WARNING:pystan:n_eff / iter below 0.001 indicates that the effective sample size has likely been overestimated
WARNING:pystan:Rhat above 1.1 or below 0.9 indicates that the chains very likely have not mixed
[19]:
<orbit.forecaster.full_bayes.FullBayesianForecaster at 0x17a5489d0>
[20]:
coef_lasso = np.quantile(dlt_lasso._posterior_samples['beta'], q=[0.05, 0.5, 0.95], axis=0 )
lw=3
idx = np.arange(NUM_OF_REGRESSORS)
plt.figure(figsize=(20, 8))
plt.title("Weights of the model", fontsize=24)

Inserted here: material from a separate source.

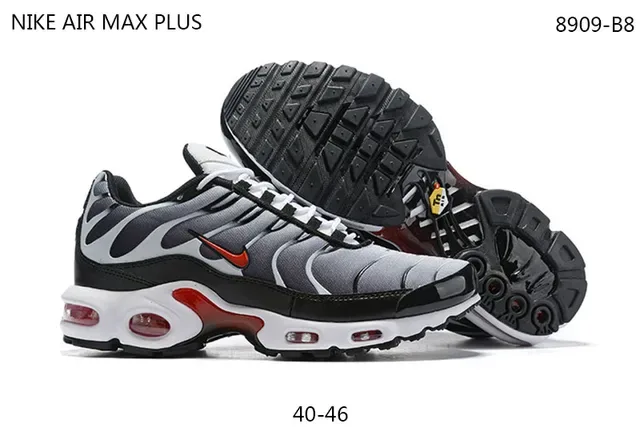 Nike Air Max Plus Yellow and Black Lifestyle Sneakers 21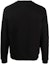 Shop Emporio Armani EA7 Black Logo Print Crewneck Sweatshirt Set 6LPV64-PJ07Z-0200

plt.plot(coef_lasso[1], color=OrbitPalette.GREEN.value, linewidth=lw,  drawstyle='steps', label="Lasso", alpha=0.5, linestyle='--')
plt.fill_between(idx, coef_lasso[0], coef_lasso[2], step='pre', alpha=0.3, color=OrbitPalette.GREEN.value)
plt.plot(coefs, color="black", linewidth=lw,  drawstyle='steps', label="Ground truth")
plt.legend(prop={'size': 20})
plt.grid();
../_images/tutorials_regression_penalty_34_0.png
[21]:
print('Fixed Ridge MSE:{:.3f}\nLASSO MSE:{:.3f}'.format(
    mse(coef_fridge[1], coefs), mse(coef_lasso[1], coefs)
))
Fixed Ridge MSE:0.174
LASSO MSE:0.098

Summary

This notebook covers a few choices of penalty in regression regularization. A lasso and auto-ridge can be considered in highly sparse data.